Yes, I know I’m being incredibly pedantic here. It sounds like I’m being overly picky and snobby, with just a touch of elitism, but I promise that isn’t my intention.
It’s not like calling these things video games is causing any problems, right? At least, none that are obvious.
See, as time marches on and this medium continues to expand, different experiences are naturally going to emerge. Video games are just one form of digital interactivity. At first, they were the ONLY thing, but people changing what it means to interact with something and not everything they’re making is a video game. Their roots are in games, but the actual content they’re creating is something else.
I’m sure in the Way Back When, people just thought of movies like they were theater performances without the live performance. They both involve actors and actresses putting on a show, but they’re two entirely different things. Evidenced by the fact that we have separate awards for both. We have the Tony Awards for musicals and stage shows and we have the Academy Awards for film.

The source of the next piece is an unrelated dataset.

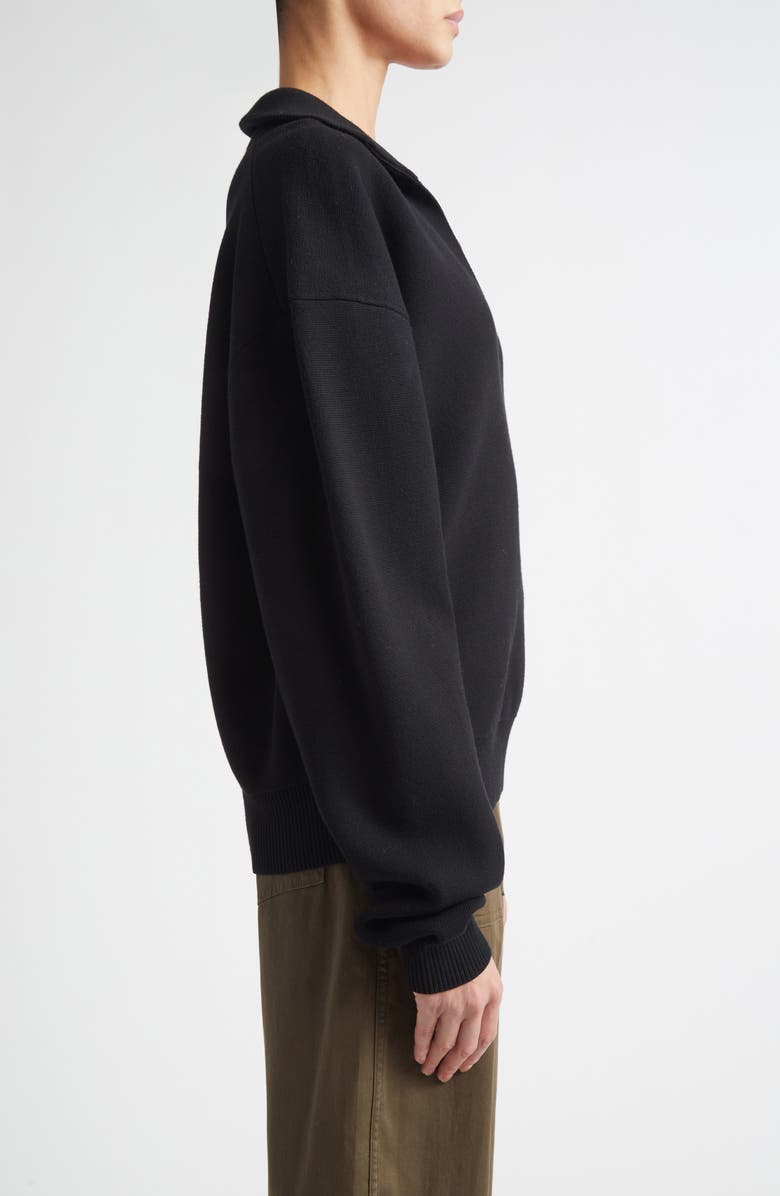 A.L.C. Timmy Johnny Collar Sweater, Alternate, color, Black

So, why do we include things like “Gone Home” with video games? When are we going to let these things be different and not confined by the, frankly, limiting label of “Video Games”. There may not be enough of Interactive Fiction to create an entire awards show, but we should start putting them in their own category. Why can’t we have our Game of the Year and our Interactive Fiction of the Year?
I think these things are different enough that the separation is starting to become necessary.
I want people to love video games, yes, but there’s still a stigma. I don’t find video games childish, but there are lots of people who still view it as a waste of time. Interactive Fiction like “Gone Home” or games like “The Walking Dead”, sans the poor gaming elements, can show people that interactive entertainment is a worthy artform to pursue and partake in. It may even be a gateway to more game-like experiences. A way to introduce people to the world of gaming, through something that consumes far less time and is far less demanding.
I don’t think that calling “Gone Home”, and other non-games, “games” is doing them any favors. Because this is our hobby, we’re all in the know. We anticipate these titles and hear about them through our favorite sites. But, in order for this medium to continue to grow, it needs to reach more people. It needs to show that it can be more than what people already perceive it to be. Labeling this software something closer to what it actually is may just spur up interest from people not normally inclined use it.
Let these things break free from the shackles of the “Video Game” label, and let them forge their own path as something different. Inspired by games, but striving to make a divergent product that has a totally different appeal.
We need to start treating these things like they deserve to be treated. Not as games, but as something different. Not better or worse, just different.